**What the task requires**
As soon as the line containing "ERIC FAVRE Pure" appears in the material below, start returning lines exactly, and end with the line containing "Group of young".

**Information shown**
——
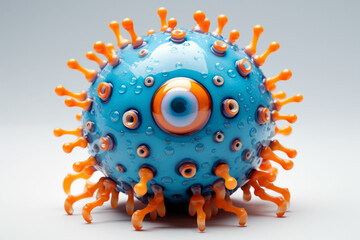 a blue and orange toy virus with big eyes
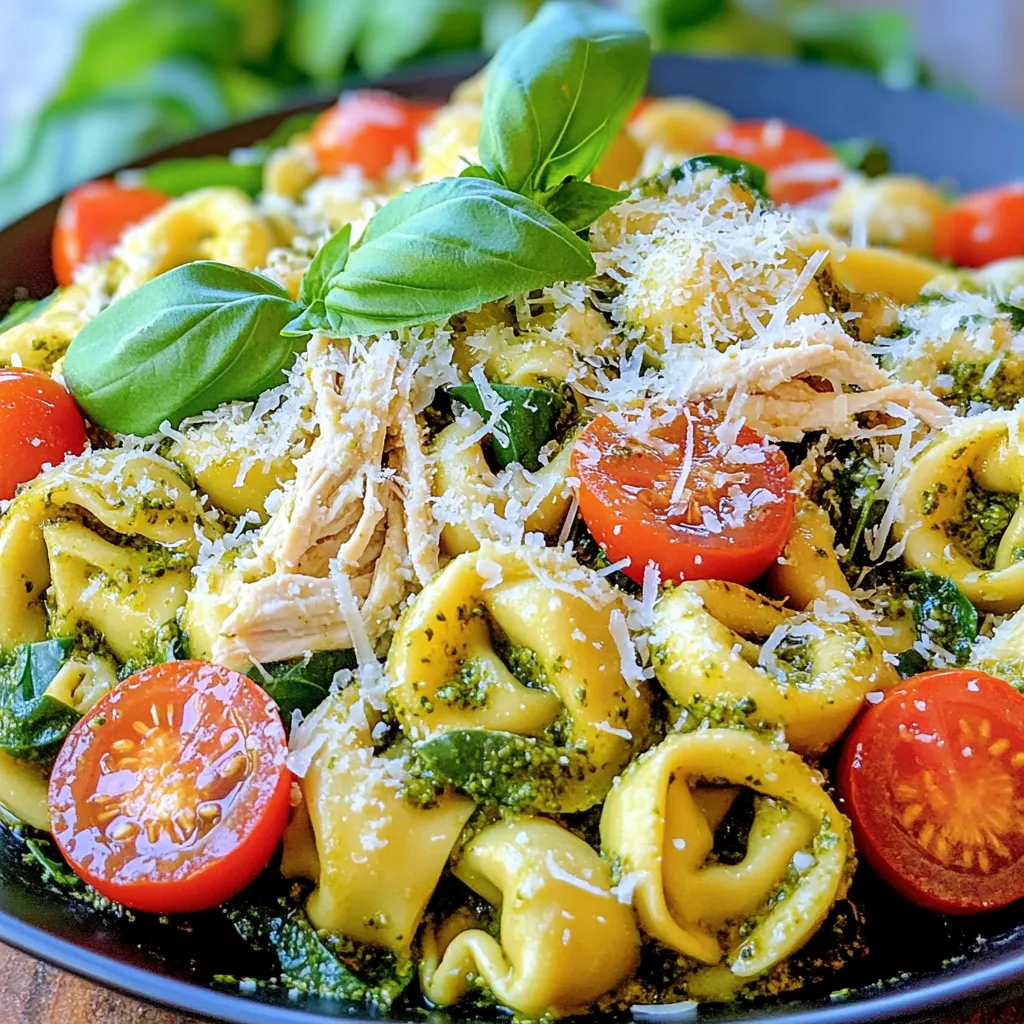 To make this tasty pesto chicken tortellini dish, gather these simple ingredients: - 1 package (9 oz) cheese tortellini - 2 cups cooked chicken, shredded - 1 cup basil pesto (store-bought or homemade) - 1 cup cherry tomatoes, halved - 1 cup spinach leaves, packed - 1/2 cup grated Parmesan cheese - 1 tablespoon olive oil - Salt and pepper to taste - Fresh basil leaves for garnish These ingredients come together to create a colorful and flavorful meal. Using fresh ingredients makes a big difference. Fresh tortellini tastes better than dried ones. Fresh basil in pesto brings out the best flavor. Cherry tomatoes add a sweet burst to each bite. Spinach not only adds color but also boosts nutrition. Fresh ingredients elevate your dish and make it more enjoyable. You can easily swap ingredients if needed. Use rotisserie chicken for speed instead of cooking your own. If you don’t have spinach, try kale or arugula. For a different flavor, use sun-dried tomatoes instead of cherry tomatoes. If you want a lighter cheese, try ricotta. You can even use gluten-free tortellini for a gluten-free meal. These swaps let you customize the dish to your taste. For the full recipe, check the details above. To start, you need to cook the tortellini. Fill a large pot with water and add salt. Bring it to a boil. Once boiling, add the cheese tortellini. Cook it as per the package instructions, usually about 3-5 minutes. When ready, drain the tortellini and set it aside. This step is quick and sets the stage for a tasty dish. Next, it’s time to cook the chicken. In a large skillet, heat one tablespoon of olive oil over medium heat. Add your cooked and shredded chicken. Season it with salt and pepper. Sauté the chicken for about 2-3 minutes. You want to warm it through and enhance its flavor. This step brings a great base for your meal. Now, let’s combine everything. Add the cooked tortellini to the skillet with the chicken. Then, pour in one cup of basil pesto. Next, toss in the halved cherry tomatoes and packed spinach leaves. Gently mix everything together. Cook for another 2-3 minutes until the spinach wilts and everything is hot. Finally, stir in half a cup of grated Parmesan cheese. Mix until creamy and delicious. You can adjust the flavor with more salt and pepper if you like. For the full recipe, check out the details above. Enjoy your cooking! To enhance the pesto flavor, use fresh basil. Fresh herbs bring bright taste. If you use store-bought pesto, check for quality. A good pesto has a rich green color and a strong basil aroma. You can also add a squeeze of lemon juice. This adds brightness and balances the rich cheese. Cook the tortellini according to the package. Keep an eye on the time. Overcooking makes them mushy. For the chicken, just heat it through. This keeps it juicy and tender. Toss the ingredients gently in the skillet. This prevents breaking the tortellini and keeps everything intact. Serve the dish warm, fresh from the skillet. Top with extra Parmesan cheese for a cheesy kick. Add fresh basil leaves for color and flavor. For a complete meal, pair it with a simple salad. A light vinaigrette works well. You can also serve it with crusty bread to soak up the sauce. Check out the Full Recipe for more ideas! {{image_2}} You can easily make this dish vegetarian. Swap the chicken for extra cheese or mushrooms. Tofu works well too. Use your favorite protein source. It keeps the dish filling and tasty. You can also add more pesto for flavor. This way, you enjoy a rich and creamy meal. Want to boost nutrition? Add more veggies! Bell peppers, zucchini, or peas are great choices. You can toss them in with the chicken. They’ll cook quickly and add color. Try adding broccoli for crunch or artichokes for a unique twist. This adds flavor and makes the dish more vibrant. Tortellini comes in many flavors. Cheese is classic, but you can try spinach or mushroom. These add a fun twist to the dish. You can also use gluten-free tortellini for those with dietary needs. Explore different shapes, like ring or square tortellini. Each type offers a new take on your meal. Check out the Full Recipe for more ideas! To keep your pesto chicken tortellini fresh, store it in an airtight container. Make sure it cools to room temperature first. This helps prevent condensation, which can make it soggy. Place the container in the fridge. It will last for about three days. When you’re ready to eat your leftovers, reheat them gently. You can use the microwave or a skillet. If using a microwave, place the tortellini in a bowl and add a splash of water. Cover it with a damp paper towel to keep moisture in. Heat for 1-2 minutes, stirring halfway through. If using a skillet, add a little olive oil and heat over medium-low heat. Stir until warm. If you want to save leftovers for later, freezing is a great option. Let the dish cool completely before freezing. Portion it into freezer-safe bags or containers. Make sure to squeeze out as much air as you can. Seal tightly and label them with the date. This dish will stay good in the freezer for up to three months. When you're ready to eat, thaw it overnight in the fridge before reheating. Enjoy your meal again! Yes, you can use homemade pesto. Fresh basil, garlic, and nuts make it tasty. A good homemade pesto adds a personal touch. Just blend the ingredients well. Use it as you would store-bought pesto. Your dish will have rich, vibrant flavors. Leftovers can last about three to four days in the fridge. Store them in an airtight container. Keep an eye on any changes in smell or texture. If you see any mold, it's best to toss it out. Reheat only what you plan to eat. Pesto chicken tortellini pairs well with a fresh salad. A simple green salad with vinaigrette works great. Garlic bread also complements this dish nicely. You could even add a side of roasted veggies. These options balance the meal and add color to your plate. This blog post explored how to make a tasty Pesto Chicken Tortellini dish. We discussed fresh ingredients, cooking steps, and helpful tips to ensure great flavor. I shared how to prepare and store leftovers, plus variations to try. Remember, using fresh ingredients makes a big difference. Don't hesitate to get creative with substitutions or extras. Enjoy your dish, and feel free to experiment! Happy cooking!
——
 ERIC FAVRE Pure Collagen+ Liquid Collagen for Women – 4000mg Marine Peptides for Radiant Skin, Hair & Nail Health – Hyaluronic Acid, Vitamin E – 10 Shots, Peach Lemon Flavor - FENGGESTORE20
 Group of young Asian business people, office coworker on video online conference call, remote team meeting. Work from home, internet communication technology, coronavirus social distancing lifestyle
——
**Exercise result**
 ERIC FAVRE Pure Collagen+ Liquid Collagen for Women – 4000mg Marine Peptides for Radiant Skin, Hair & Nail Health – Hyaluronic Acid, Vitamin E – 10 Shots, Peach Lemon Flavor - FENGGESTORE20
 Group of young Asian business people, office coworker on video online conference call, remote team meeting. Work from home, internet communication technology, coronavirus social distancing lifestyle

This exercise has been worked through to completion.